# Lowe's lights



## Jack W (Apr 8, 2005)

Hey Matt, or anyone else that knows, what lights at Lowes are the 6700 ones. I can never find them when I look for them.


----------



## Snake52 (Dec 15, 2006)

I've only seen the ones that are 6500K labeled as Super Daylight or something like that.


----------



## Amazon_Replica (Nov 24, 2007)

phillips daylight deluxe are 6500k


----------



## MatPat (Mar 22, 2004)

I have had better luck finding the 6700K phillips lights at Home Depot than at Lowes. HD also has some cheap (~$8) T-8 shoplights and the 2 pack of 6700K bulbs is under $8. Add in a $4 can of black spray paint for the shoplight and it is hard to beat 64w of light for $20


----------



## t2000kw (Jul 29, 2006)

MatPat said:


> I have had better luck finding the 6700K phillips lights at Home Depot than at Lowes. HD also has some cheap (~$8) T-8 shoplights and the 2 pack of 6700K bulbs is under $8.


Watch that they price them correctly for you!

If they use the bar code on the lamps they will ring up at a higher price. There's a special UPC code you need from the rack that prices a pair of them at that price, lower than two at the single bulb price. You can write it down or hold up the register (which you might do anyway) while the checkout person figures it all out. At the Washington Courthouse store the checkout person had to call the electric department for the code and verification that the 2-bulb price was different than what the UPC code scanned at the register indicated. We would have paid another few dollars if I hadn't watched it as it rang up on the register. I suspected that it would happen and was watching it.


----------



## MatPat (Mar 22, 2004)

t2000kw said:


> Watch that they price them correctly for you!
> 
> If they use the bar code on the lamps they will ring up at a higher price.

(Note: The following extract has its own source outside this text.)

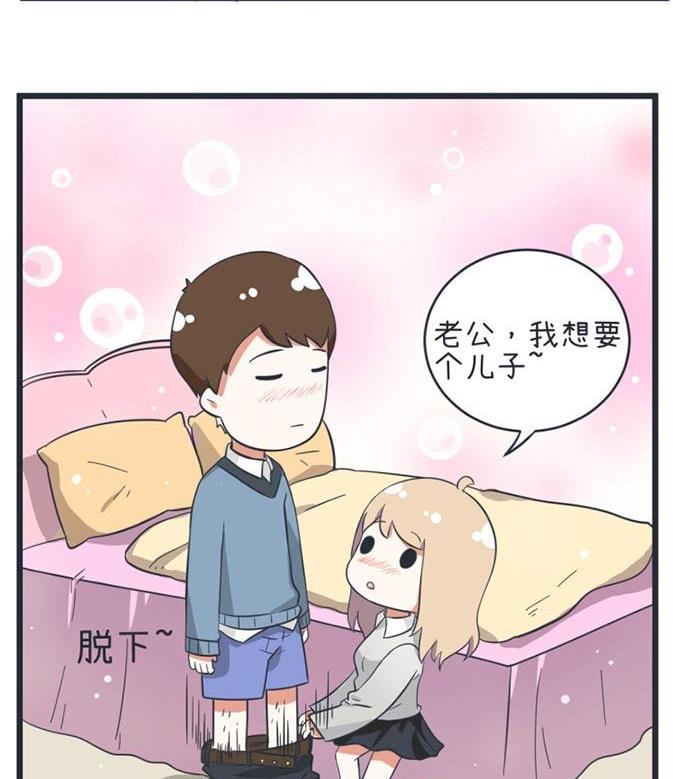 《超级污敌萝小莉》第51话 第14页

In all honesty you should do this with every purchase now days. I don't know how many times, when buying groceries at Wal Mart, things do not ring up at the price indicated on the shelf. I'm not sure if it is a legitimate error or if it is a scam by stores to get a higher price since most people don't pay much attention to the scanned price after they put an item in their cart


----------